1003, Cecil Avenue, Millersville, Anne Arundel County
The Childs Residence complex consists of a c. 1840 frame dwelling with a large, c. 1852, frame addition, a c. 1840 frame smokehouse/dairy; and a c. 1920 frame store. The dwelling consists of two sections: a c. 1840 one-room plan, 1 1/2-story structure with a slightly lower rear wing, from which extends a larger, c. 1852, two-story central passage, double-pile plan dwelling. The main block is wider than the earlier wing, creating a broken facade line with the wing set back from the main block. The wings are covered with more steeply pitched gable roofs than the main block. The house rests on a low stone foundation, is covered with weatherboard siding, and has a standing-seam metal roof. There are four interior gable-end chimneys in the main block, and two in the east wing--one at the east gable end and another at the north gable end of the rear wing. A one-story hip roofed porch supported by eight turned posts with jig-sawn brackets runs across the facade of the house, following the broken facade line. In addition to the ornate brackets, the porch is embellished further with a dentiled cornice. A louvered screen closes the west end of the porch. The principal entrance is located in the center bay of the south facade of the main block. It is composed of a six-panel door, flanked by four-pane sidelights. The rear entrance is covered by a door hood supported by diagonal bracing. There is an entrance in the east wing on the front facade which consists of a late-19th century arched-panel door. There are two entrances into the rear wing, both on the west elevation. The southernmost has a batten door. Windows on the house are predominantly 6/6 sash with louvered shutters. The first story of the main block has large 2/2 sash windows which extend to the floor. The half-story level of the east wing has 3-light windows on the facade, and 6-pane casement windows on the remaining elevations. The interior plan and finishings have been maintained with minor alterations. The c. 1840 heavy timber-frame constructed smokehouse has a rosehead nail-studded door. A dairy was added in the late 19th century. The store was constructed in 1920 after a fire destroyed an earlier one on the site.

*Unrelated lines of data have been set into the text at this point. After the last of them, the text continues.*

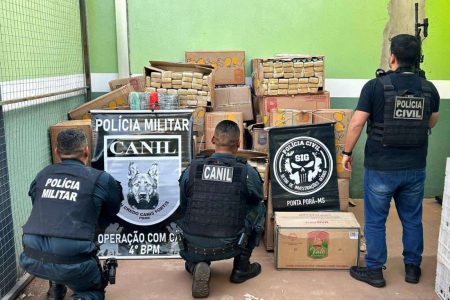 Polícia descobre depósito com uma tonelada de droga em Ponta Porã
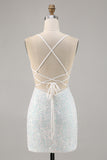 White Appliqued Corset Homecoming Dress with Sequins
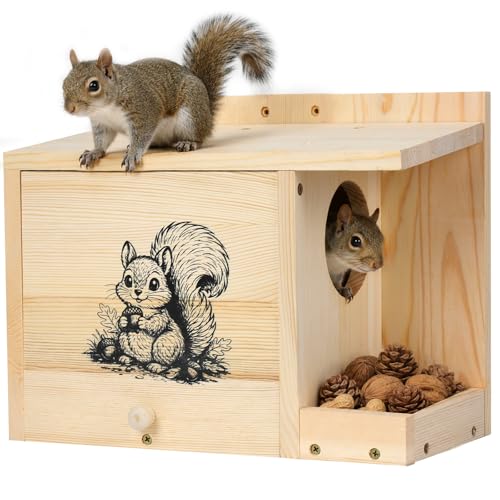 Waterproof Squirrel Nesting Box with Squirrel Feeder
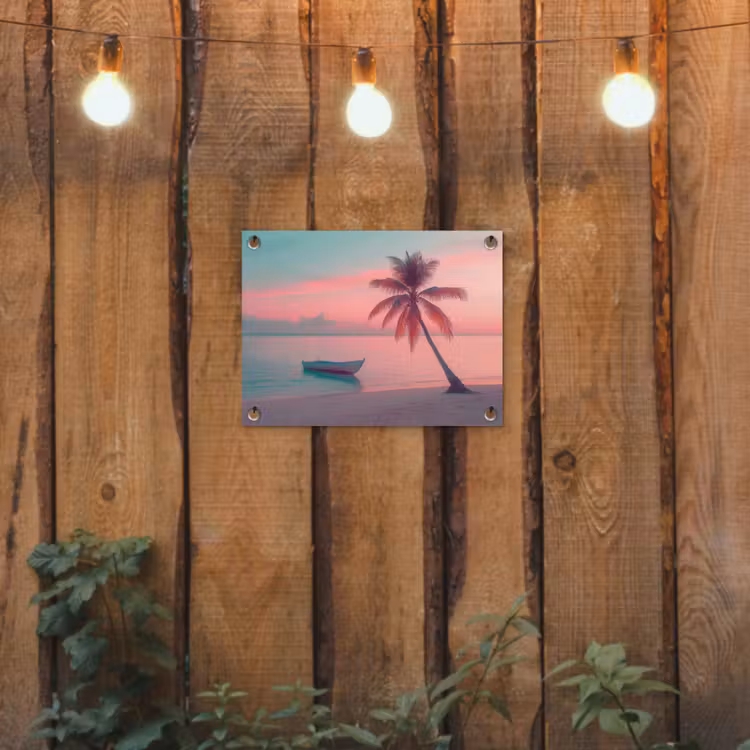 Tuinposter - Zee - Boot - Zonsondergang — 2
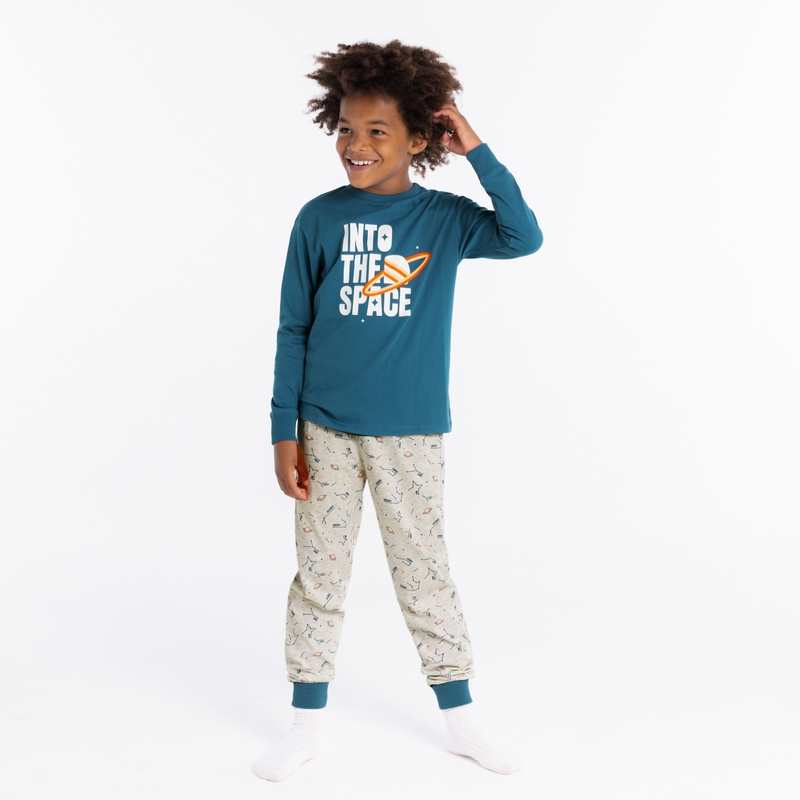 Pyjama 2 pièces en jersey phosphorescent bleu Garçon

The Childs Residence is locally significant as the dwelling of the first Postmaster in Millersville, and for having continuously served as the Post Office and community store for 130 years. Millersville, named for the first Postmaster, George Miller, was the first Post Office to be designated, in 1841, along the Annapolis & Elkridge Railroad (the A & E). Completed in 1840, the A & E was one of the earliest rail lines in this country, connecting Annapolis with the Washington Branch of the B & O Railroad. Today Millersville is still a small crossroads village, surrounded by existing and proposed modern residential and industrial park development. The Childs Residence is the focal point of the town; it is the visual link to the past significance of this rural commercial center. Architecturally, the Childs Residence is typical of the popular form of mid-19th century domestic architecture in America. It has been relatively unaltered and has retained its architectural integrity, giving a sense of time and place to the village of Millersville. Also noteworthy are the surviving smokehouse and rural store.